The Puripunn is a hotel you might stumble upon by chance, but will find more easily by arranging a car to collect you from the airport. Although the room number lacks a ‘4’, our suite feels like an auspicious place, old-fashioned with its dark antique furniture, silk lampshades and Impressionist oils. The ticking of a grandmother clock transports us to another era: it’s as if we’ve strayed into the chambers of a colonial dowager, albeit one with a DVD player and packets of peanuts concealed in ornate wooden boxes. There are ‘his and hers’ silk slippers supplied to skate across the teak floor, which gleams like a polished conker; a balcony from where we watch birds practice swooping from rooftop to rooftop; and a large hot tub filled with water and lotus blossom for our arrival. Directly above, in a composition that brings to mind an oft-repeated scene from Only Fools and Horses, is an enormous chandelier.

Our room may be grand but the hotel is small and amiable, so you might easily bump into the owners – a thirtysomething Thai couple called Att and Goi. They’ve given the Puripunn a personal touch, with him donating Burmese paintings from the family collection, and her designing the garden, which manages to be green and jungly over just a few dozen square metres. Their six-year-old son, playing on the small lawn, has yet to contribute anything significant, but is pretty handy with a butterfly net. Att and Goi moved here from Bangkok, and tell us how they fell in love with Chiang Mai, which is cooler and greener, and doesn’t have so many shopping malls, and the people don’t work so hard. ‘Lazier?’ They laugh, ‘Well, it took a while to get the hotel finished.’

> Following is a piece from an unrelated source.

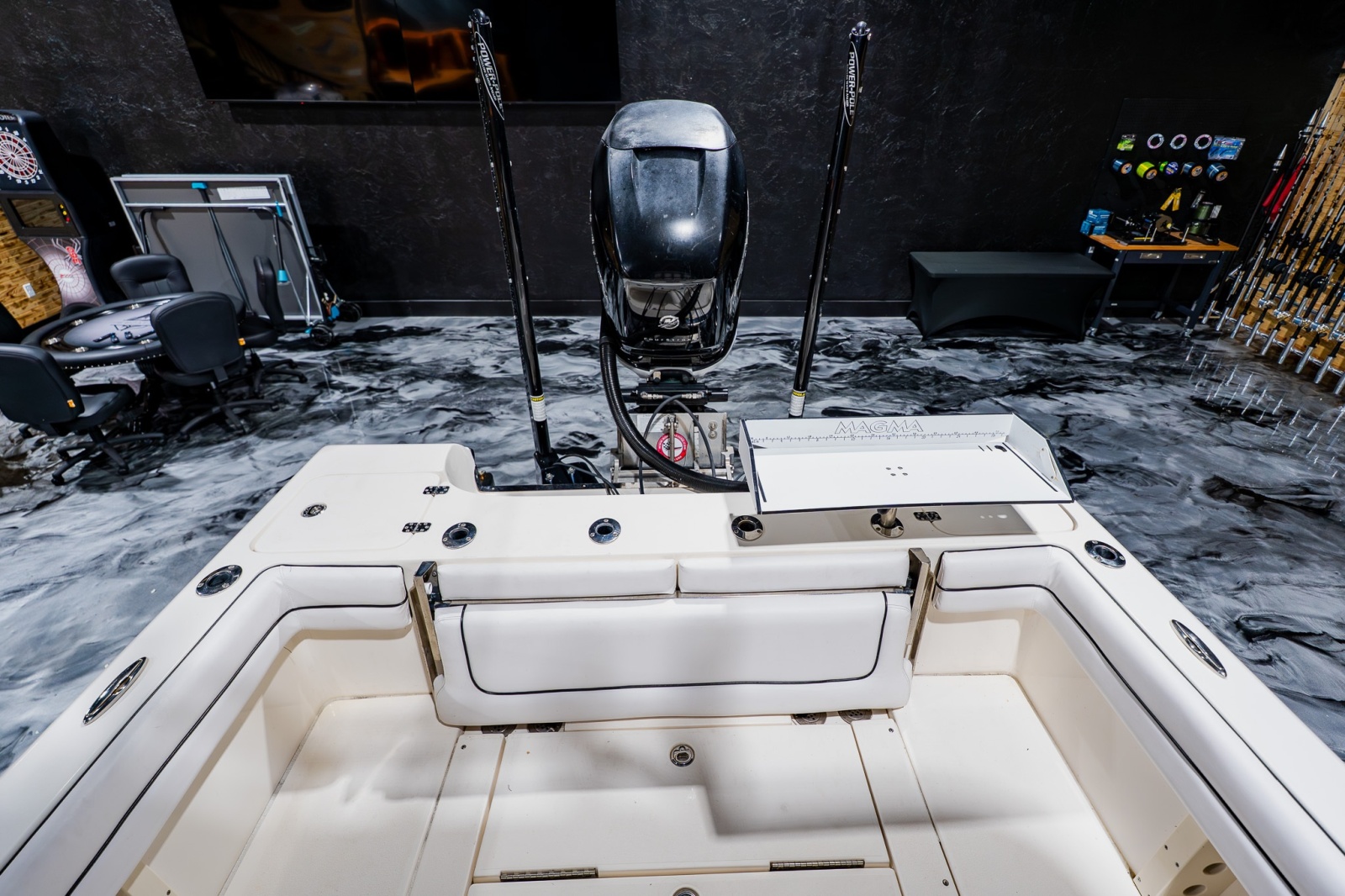 2019 ShearWater 270 Carolina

The Puripunn is a good place to be lazy in. There is a gym somewhere, but its exact location remains a mystery to us; and, anyway, in this humidity you can break into a sweat simply by turning the pages of your book. Instead, we loll by the pool and order lunch of spicy minced pork and club sandwiches, watching butterflies flit across the water. The hotel is in a lazy part of town, too, across the River Ping from the city proper – tucked down a small, almost rustic lane with ramshackle homes for neighbours. In the afternoon we explore, following a hand-drawn map given to us by our favourite member of staff, Payon, a man so sweet-natured that even a sudden appearance by Chiang Mai’s mythical water dragon would fail to upset him.

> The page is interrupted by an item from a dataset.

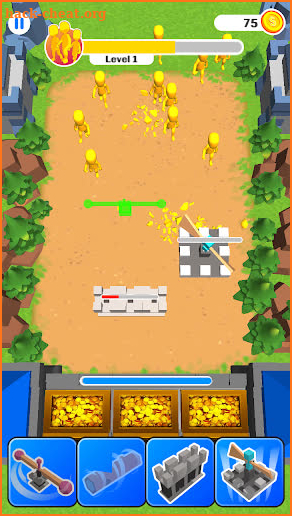 Defense Tower 3D screenshot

Such serpents coil down carved steps at the nearby temple, Wat Gade, and a golden puppy statue, garlanded with flowers, smiles up at us. A roof is being replaced, and a group of women sit in the shade of a tree, hand washing each tile. There’s a temple museum, which sounds dusty and dull; but inside we’re greeted by a white-bearded wooden head – a Santa of the tropics – and a collection of curiosities. Among ancient bicycles and typewriters is Mrs Smith’s favourite cabinet, labelled simply, ‘Bits of wood that look like elephant’. We walk out, and on, past age-blackened timber buildings along the river, and cross a footbridge to the flower market, where blooms for golden puppies and their owners are painstakingly threaded together. We return to the Puripunn in time for sausages.

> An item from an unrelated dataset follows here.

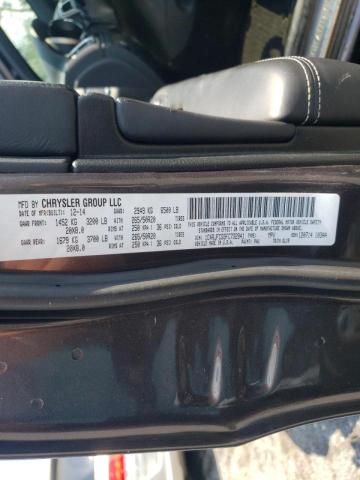 Photo 10 from auction – 2015 JEEP GRAND CHER with VIN 1C4RJFCG5FC732941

As Mrs Smith notes, you can always trust a place that does a good banger, and I have to agree, mentally adding Chiang Mai to Toulouse and Cumberland as places that can be trusted. The sausage here is dark and spicy, served with a fiery beef dip peppered with red flecks of chilli, and what look curiously like pork scratchings – curls of crispy saltiness. We sit outside in the night air with a bottle of chilled white wine, and wonder what to do with the rest of our time at the Puripunn. There are buggies at hand to take us into town for the Sunday Market, and our hand-written map suggests several bars for cocktails. There is Doi Suthep, the golden hillside temple, to visit, ancient ruins to explore and local noodle dishes to taste. For the moment, though, we’ll just return to our chandelier bathtub and see where fate takes us.